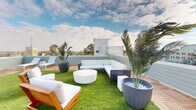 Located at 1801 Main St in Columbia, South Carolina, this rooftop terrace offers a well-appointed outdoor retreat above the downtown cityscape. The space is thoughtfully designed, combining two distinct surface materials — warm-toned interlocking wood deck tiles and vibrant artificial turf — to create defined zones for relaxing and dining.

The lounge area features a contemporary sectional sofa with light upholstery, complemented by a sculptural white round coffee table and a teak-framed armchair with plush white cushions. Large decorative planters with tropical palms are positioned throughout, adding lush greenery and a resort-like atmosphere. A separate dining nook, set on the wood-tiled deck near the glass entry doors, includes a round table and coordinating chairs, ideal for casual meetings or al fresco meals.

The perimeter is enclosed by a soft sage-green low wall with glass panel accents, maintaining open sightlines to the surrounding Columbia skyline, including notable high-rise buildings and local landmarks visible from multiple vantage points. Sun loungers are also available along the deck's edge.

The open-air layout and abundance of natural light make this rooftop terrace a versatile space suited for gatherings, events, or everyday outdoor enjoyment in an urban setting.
* * *
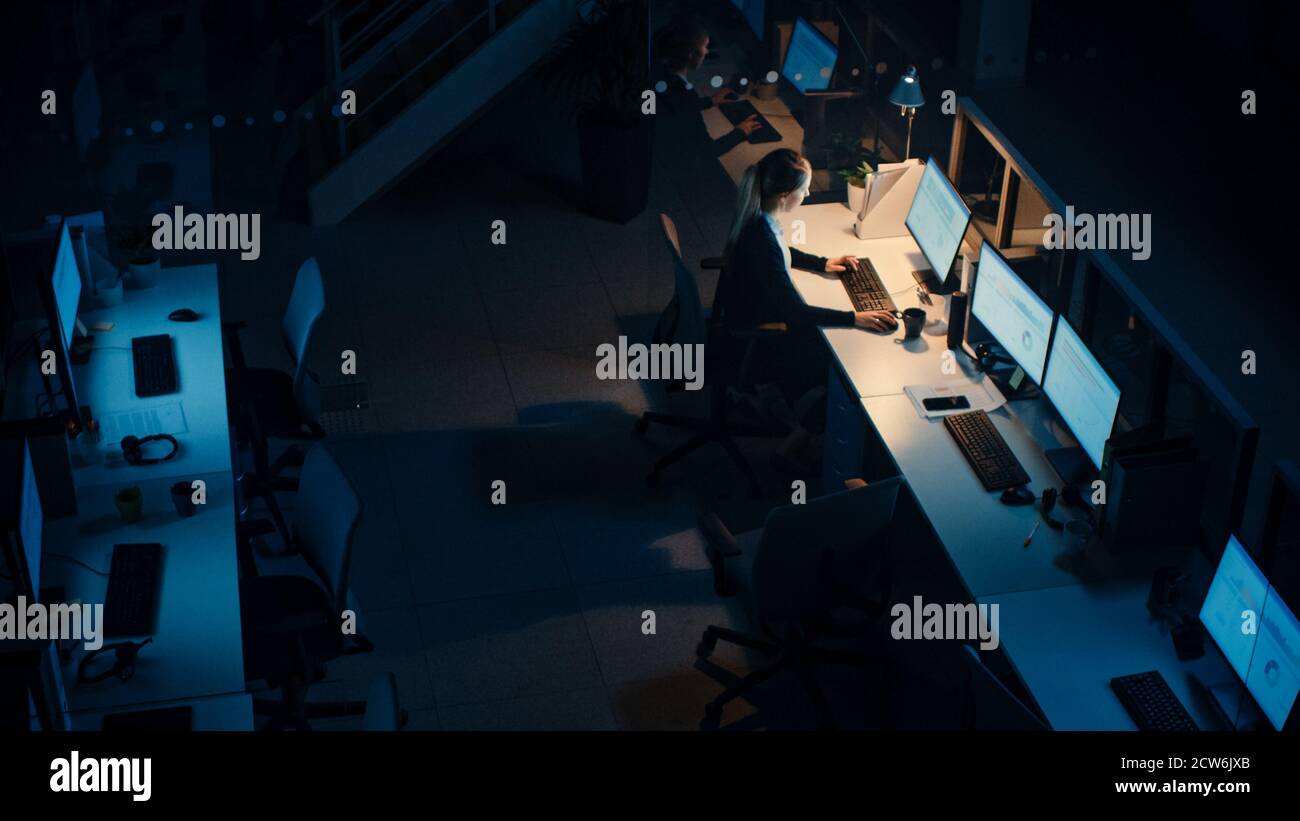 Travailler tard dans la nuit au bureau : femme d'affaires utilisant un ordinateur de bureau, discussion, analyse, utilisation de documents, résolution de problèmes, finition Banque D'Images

_What the task requires_.
Range to copy from the records above: the line containing "Located at 1801" to the line containing "The lounge area", both included. Output those lines exactly and only those, skipping pictures.

_Solution for this exercise_.
 Located at 1801 Main St in Columbia, South Carolina, this rooftop terrace offers a well-appointed outdoor retreat above the downtown cityscape. The space is thoughtfully designed, combining two distinct surface materials — warm-toned interlocking wood deck tiles and vibrant artificial turf — to create defined zones for relaxing and dining.

The lounge area features a contemporary sectional sofa with light upholstery, complemented by a sculptural white round coffee table and a teak-framed armchair with plush white cushions. Large decorative planters with tropical palms are positioned throughout, adding lush greenery and a resort-like atmosphere. A separate dining nook, set on the wood-tiled deck near the glass entry doors, includes a round table and coordinating chairs, ideal for casual meetings or al fresco meals.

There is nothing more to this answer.